Poco tiempo después apareció ante los ojos de Nadia otro costado del freestyle, y comenzaron los cuestionamientos internos.
“En el mundo del freestyle hay mucho abuso de poder. Mucho”, afirma sin rodeos. “Y está tan naturalizado que a veces ni te das cuenta hasta que ya estás adentro. Muchas pibas entran buscando un lugar y hay gente que se aprovecha de eso. No solo en lo artístico, en lo personal también”.

–¿Como militante feminista sentiste necesidad de acompañar esas denuncias sobre esos comportamientos?
-Bueno, claro. Yo me formé en espacios feministas. Ahí aprendí a poner límites, a decir que no, a no dejar pasar ciertas cosas que en la cultura Hip Hop todavía se normalizan.
-Volviendo a la música y al lanzamiento de tu primer video, ¿te afectó el hate de parte del público femenino?
-No sé, no estoy segura de que haya sido así, de que haya habido hate.
-Bueno, algo hubo…
-Quizás a mí no me llegó, o no me llegó al punto de que me afecte. Creo que es parte del costo de ser mujer, y nosotras también tenemos que acostumbrarnos a tener conciencia de que formamos parte de la escena.
-Hoy hablabas de tu fragilidad, ¿creés que el hate, de llegarte de manera directa, te afectaría?
-Nunca me bajaría de algo que me apasiona, como es la música, por recibir críticas o bardeo. De eso estoy segura.
EL PORVENIR
En pleno proceso de grabación de su primer disco y con un par de fechas confirmadas, Nadia no se distancia de sus objetivos. Estudia producción, armonía y teoría. “Quiero ser música”, dice. “No intérprete, música”, remarca, mientras el vermut llega a su fin.

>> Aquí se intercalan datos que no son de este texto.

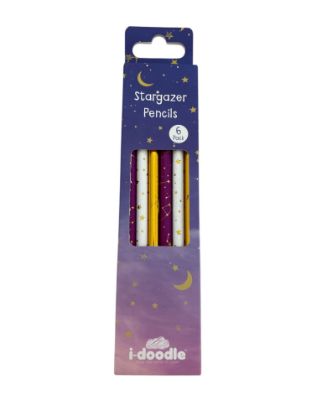 Picture of 6 x stargazer pencils set Boxed NEW bright pencils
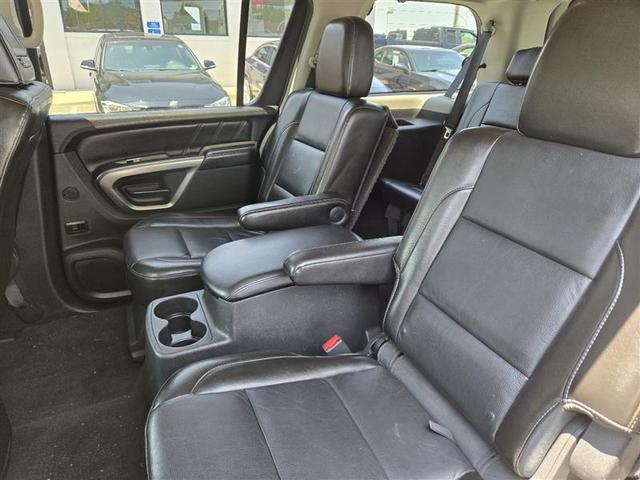 Photo of 2015 Pearl White Nissan Armada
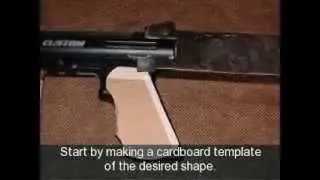 Making the M1-98 Thompson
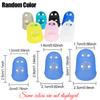 10-30PCS Guitar Finger Protector Assorted Size Mix Color Silicone Hollowed Out Breathable Nonslip Fingerstall Practice Props ZYF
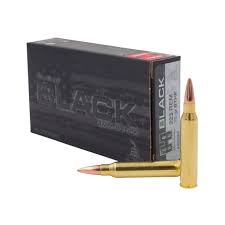Hornady Black .223 Rem 75gr Boat Tail Hollow Point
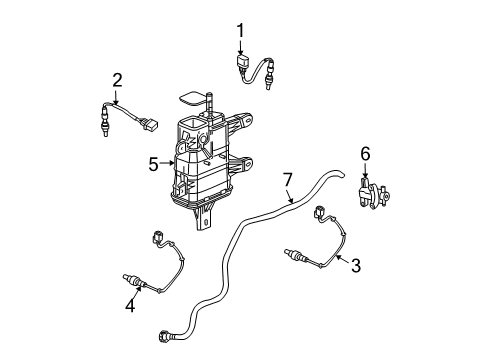 2007 Saturn Vue Powertrain Control Diagram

Para llegar a esos objetivos, Nadia se apalanca en todo lo que la formó. Desde el feminismo que fue tierra fértil para las inquietudes ideológicas de una piba que tenía 18 años hace una década; el esfuerzo de un padre que buscaba laburos extras para bancar sus estudios; las lecturas que le ordenan la voz, y hasta las noches en las que corrige trabajos institucionales o textos de escritores pretenciosos. Todo rubricado por la seguridad de que lo frágil y provocador también son lugares de pertenencia.